On the outside, the new watch, technically dubbed the Royal Oak “Jumbo” Extra-Thin Ref. 16202, will be very familiar to fans of the 1972 original, as Audemars Piguet has resurrected the shade of blue used for the vintage piece’s dial, called “Bleu Nuit, Nuage 50,” which is darker than the tone used for more recent models. The “AP” appliqué has been subtly moved from its former position at 12 o’clock to a new home at 6 o’clock. The “Jumbo” steel case remains 39 mm in diameter and just 8 mm thick.
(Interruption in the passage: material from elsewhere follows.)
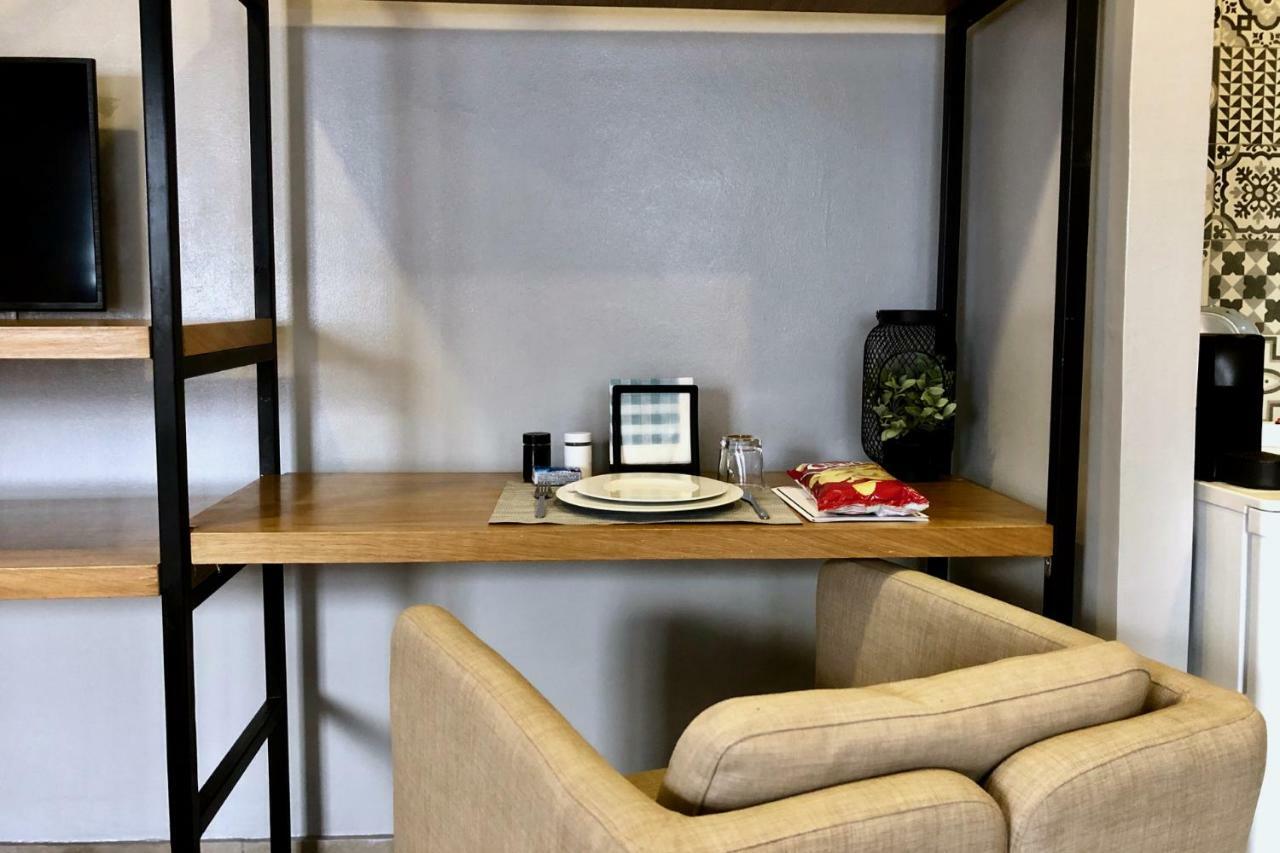 Suite Loc Suite & Spa 卡萨布兰卡 外观 照片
Inside, however, the new self-winding movement offers better shock resistance thanks to its full balance bridge, an increased frequency of 28,800 vph, and a lengthier power reserve of 55 hours. As a bonus, the models equipped with this new caliber (which include references in rose gold, yellow gold and platinum, each with its own colorful fumé dial rather than the traditional blue one) use a version of it with a special 50th-anniversary rotor that will only be produced in 2022.
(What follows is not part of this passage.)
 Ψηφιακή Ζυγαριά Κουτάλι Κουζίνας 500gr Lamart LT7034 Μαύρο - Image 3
The impact of that original Royal Oak watch is difficult to overstate and next to impossible to ignore when one looks across the breadth of luxury sport watches that dominate the market today and some of the elements they have in common. The aforementioned Patek Philippe Nautilus, Genta’s other iconic brainchild, applies several of the Royal Oak’s signatures while also establishing several influential and much-emulated features of its own. Vacheron Constantin’s Overseas collection — at one point widely believed to be another Genta design but actually not — has come on strong in recent years as that high-luxury brand’s leader model. Beyond these two familiar examples, the integrated-bracelet, geometrical-bezel look pioneered by the Royal Oak has more of less exploded in recent years on models from a wide range of brands at a similarly broad variety of price points: the Girard-Perregaux Laureato, Chopard Alpine Eagle, Bell & Ross BR 05, A. Lange & Sohne Odysseus, Tissot PRX, Hublot Big Bang Integral, Baume & Mercier Riviera, and Frederique Constant Highlife are just a handful of modern timepieces that owe at least some stylistic debt to the Royal Oak. The only question that remains is, how many more timepieces might we be able to say that about when the Royal Oak turns 75 in 2047, or even when it hits the century mark in 2072?